For the most part they don’t speak any English, so I didn’t get to know them like I did the guys from Soweto, who did speak English and were much more aware of American music. And who had more of a typical musician’s chops, unlike General and Tao. Then there’s Ladysmith Black Mambazo, just this fantastic sounding group.

Tell me about them: a Zulu gospel group, obviously all spirit, not at all like ’50s rhythm and blues. Did they express any trepidation about working with a Western pop musician, mixing their sacred with your profane?

No, because they have done that before. They have sung in English, they have many records out. They must have 20, 25 albums. They are a church group—the leader, Joseph Shabalala, is a reverend. They come from the township of Ladysmith, near Durban. They are Zulu. Joseph handles all the choreography.

It’s very much like storytelling. It’s very intricate, and all the songs have choreography. They all dance in unison in very interesting movements. Joseph writes songs about what happens in his life every day. He carries a notebook with him always. He writes phrases and thoughts, and he tends to write songs pretty consistently, and they are what happened to him that day and week.

Tell me about the reservations you had about making the trip. You were, by the book, breaking the letter of the U.N.’s international cultural boycott of South Africa.

The only reservations I had were that I didn’t want this trip to be misconstrued, to be thought in any way to be in support of the policies of the government of South Africa. I wasn’t going to perform, so in that sense I thought it was within the guidelines of the cultural boycott, although technically I wasn’t, as it turned out.

I don’t think the boycott was intended to block black South African musicians from access to the international music community. I think it was to block the white, discriminating community there from outside nourishment. Whether that is an effective means of bringing about social change remains to be seen…

But I certainly support the cultural boycott as a means for the artistic community to express moral outrage. But on the other hand, the de facto black musicians union over there is very frustrated at not being able to get their music heard in the world community They felt they were the victims of a double apartheid, where they were being repressed at home, and then when they were trying to get their music outside, people were resistant to it because they were South African. They just felt that with me, having access to world markets because of being well known, they could get attention.

Don’t you think it further confused the issue of your stance on apartheid to do a duet with Linda Ronstadt, who played Sun City?

Linda Ronstadt in no way supports the apartheid regime. I don’t think she believes in the cultural boycott. She thinks that there are other ways, ways of sending ideas into the country, exposing people to them. I don’t think Linda Ronstadt would ever play Sun City again. I know her politics and don’t think it’s incompatible to put her on the record.
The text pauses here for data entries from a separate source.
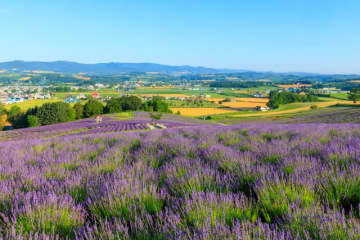 旅行代金18万円、“振込直前”にドタキャンした友人と絶縁 「自己破産していた。皆から代金を搾取する気だった」と推測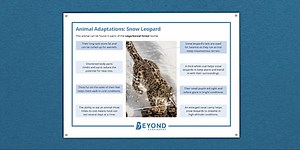 Animal Adaptations: Snow Leopard Display Poster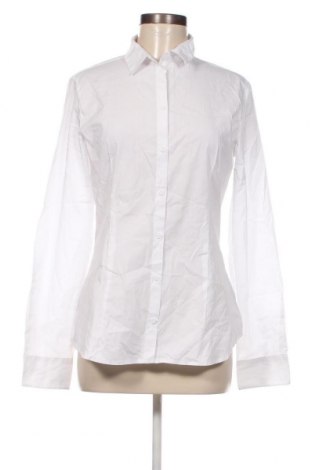 Γυναικείο πουκάμισο Terranova, Μέγεθος XL, Χρώμα Λευκό, Τιμή 13,14 €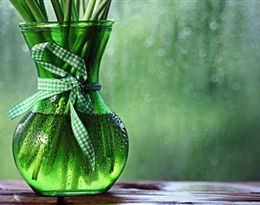 vase 什么意思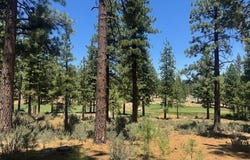 186 Tor Court unit: 57, Carson City, NV 89705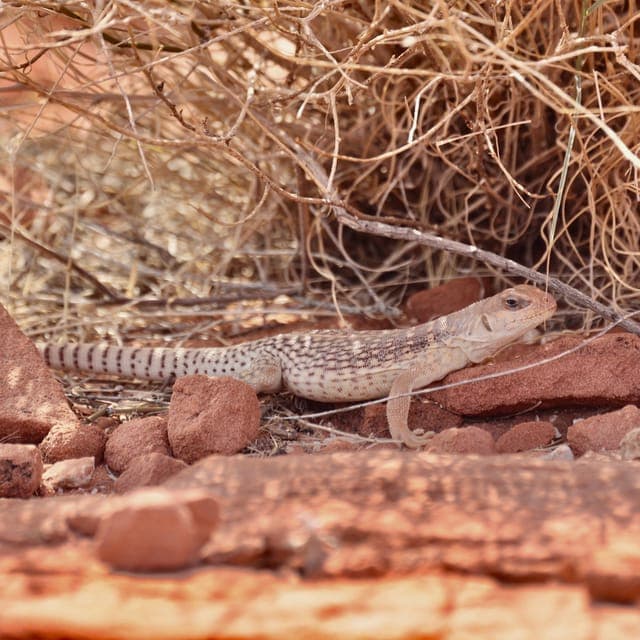 Valley of Fire Sunset Tour with Hotel Transfers Gallery Image 2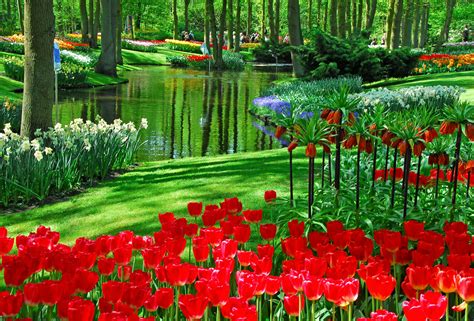 Keukenhof Park, Netherlands photo on Sunsurfer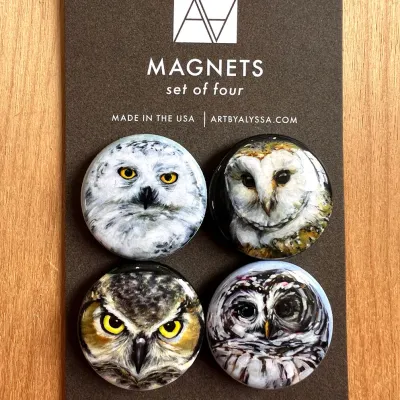 Owls Magnet Set Owls Magnet Set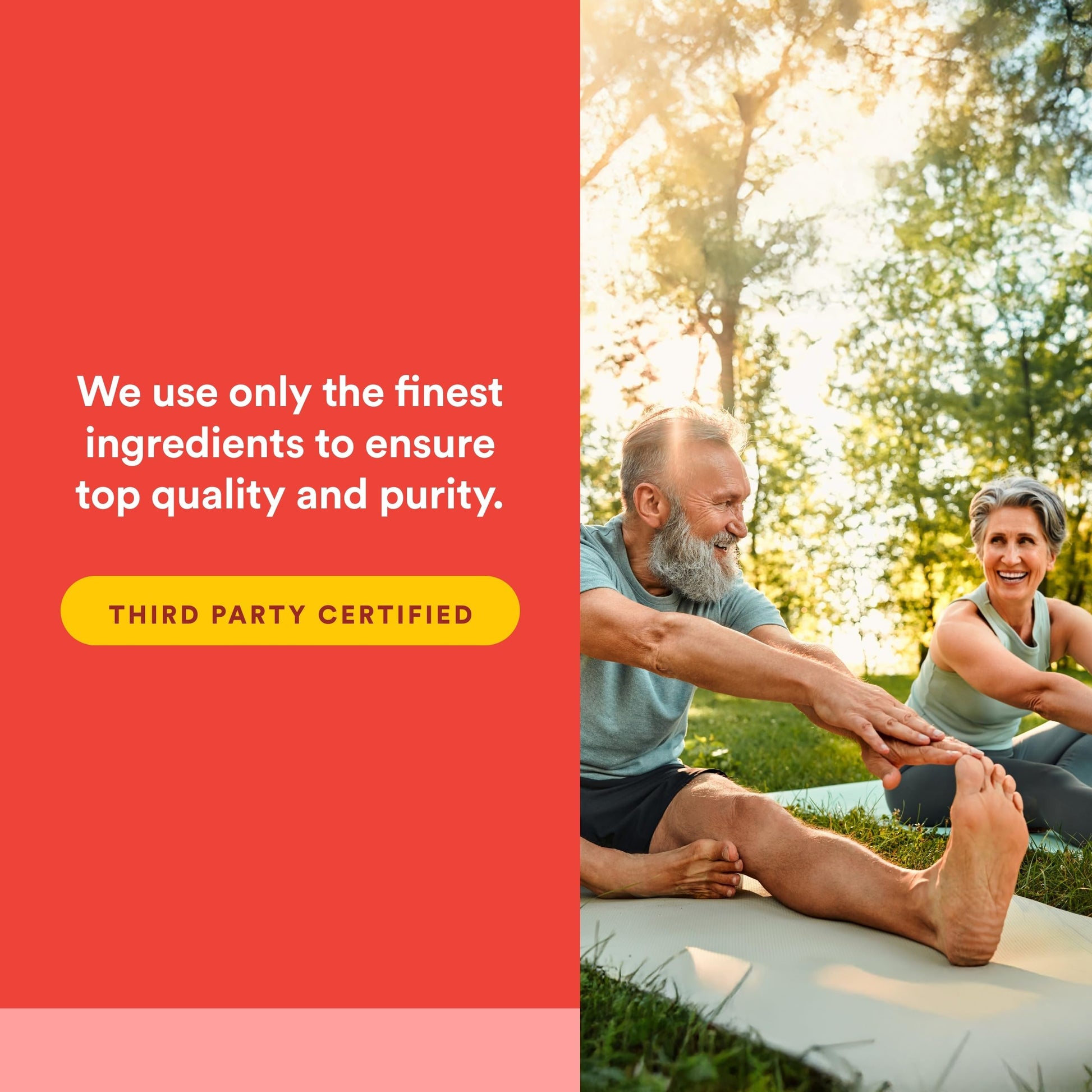Natural Factors, Celadrin Joint Health, Promotes Flexibility, Mobility and Joint Function, 90 Softgels Natural Factors buy supplements canada
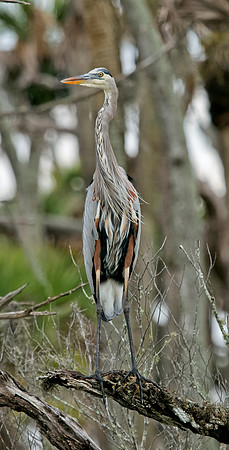 Great Blue Heron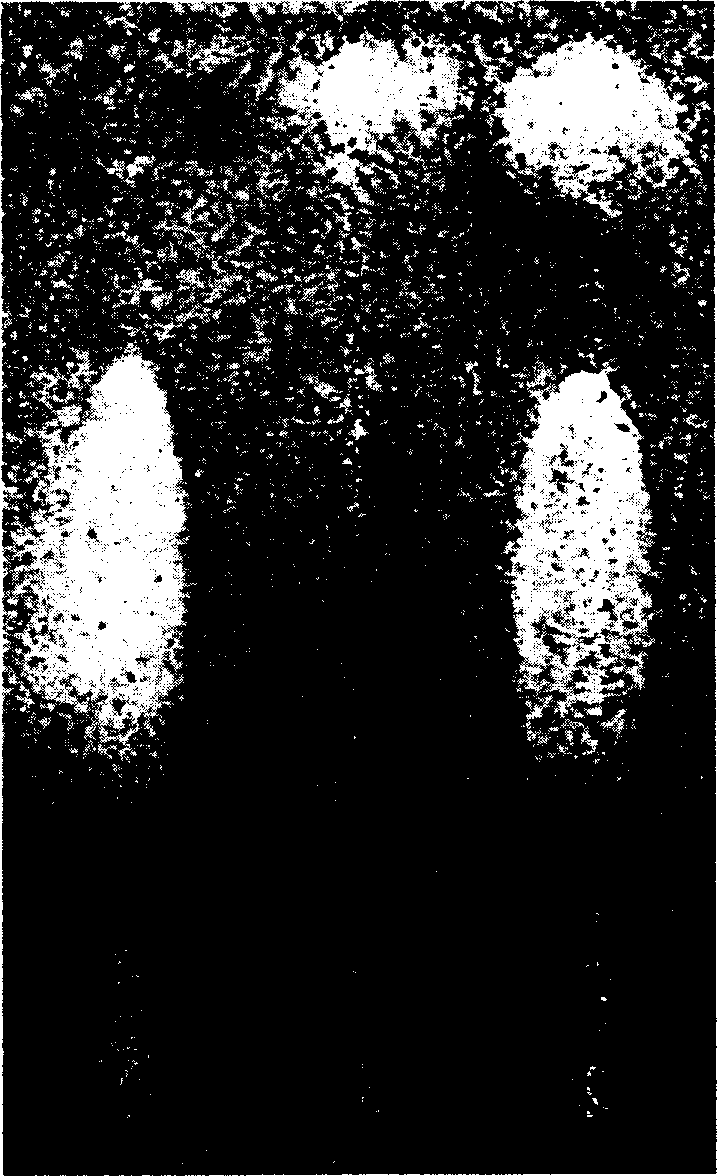 Determination method of effective component in aliphatic oil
But again, I think this record is about, primarily, music, and only by inference about politics. It doesn’t take a stance on whether Buthelezi should be given a voice in the leadership as opposed to Mandela, or whether Desmond Tutu can unify. It doesn’t deal with those issues or the politics of South Africa, because I really am in no position to comment on them. I don’t know about it enough, and my entire trip was about two weeks, and the time was spent in a recording studio.

What do you think of blunt, political statements like the Sun City record?

I think in principle this idea of politics, which is suggestive and open-ended, can be more powerful than the newspaper headline of “Don’t Play Sun City”—blunt, narrow.

There is a difference in what messages are conveyed by the different media. What you can say in an editorial on TV or in a newspaper has a different impact, a different tone, when you say it in music. They say they made it to make people aware of the situation. And it probably did make some people more aware, although it’s something that’s on the news every day, and if you are talking about reaching an audience that doesn’t read the papers or watch the news, then I don’t think they really care about it anyway. So I’m not sure how effective it is. But to whatever degree it is effective, that’s great. It helps. But personally, I didn’t play Sun City, and I was asked to play Sun City. I turned it down. I don’t know whether the Ramones saying, “We ain’t gonna play Sun City” means anything, because nobody ever asked them!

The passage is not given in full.